Anyone interested in writing a memoir was given plenty to think about at our monthly "Spirit of the Hills" writers' meeting on Saturday. Our speaker was Pat Calder, one of our own group and someone who taught creative writing for thirty years.
Pat shared with us some of what she had learned from a workshop on memoir writing that was presented by Judith Barrington, as part of the San Miguel Writers' Conference in Mexico in February of this year.
The most important thing, we were told, was to get the memory down. Just write! The art comes later, in shaping it. If part of the memory has become lost, keep writing around it. You may find a new memory. The more you write, the more you will remember.
Someday I may decide to write my memoirs. I've been collecting anecdotes in a file for years, fleshing them out a little whenever the spirit moves me in that direction. These stories from my life aren't in any chronological order, as they would be if I were writing an autobiography. Yesterday I learned that memoir is driven by theme, rather than by a sequence of events.

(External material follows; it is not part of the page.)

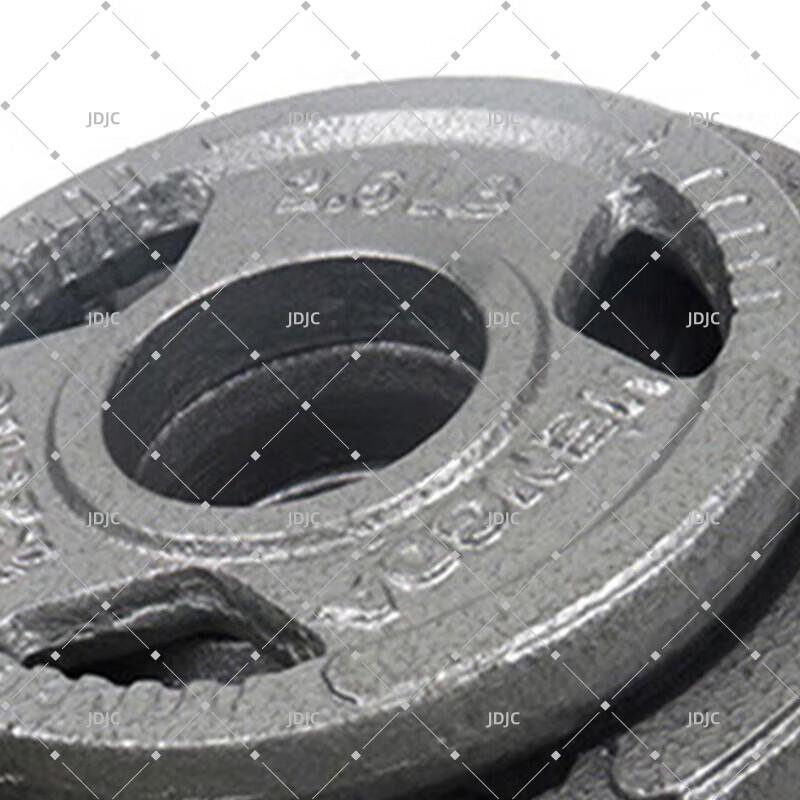 JDJC 10kg Cast Iron Three-Hole Barbell Plate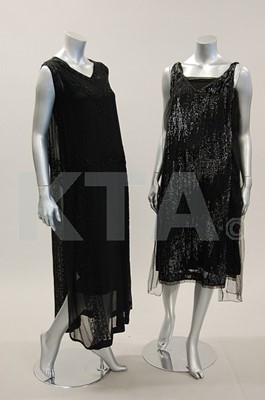 Lot 204 - Three black cocktail dresses, early-mid 1920s,...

Defining a theme could prove to be difficult because, to this point, I've gone off on all sorts of tangents. A reader might find that boring. I can see now the importance of narrowing it down, in "finding the linkages that give resonance to the chaos of life."
Judith Barrington says there's no such thing as a fictionalized memoir because memoir is true. She says that the best way to learn how to write memoir is to read the good ones. We came away with a list of recommended titles. Right now, I'm going to track down a copy of Barrington's Writing Memoir: from Truth to Art.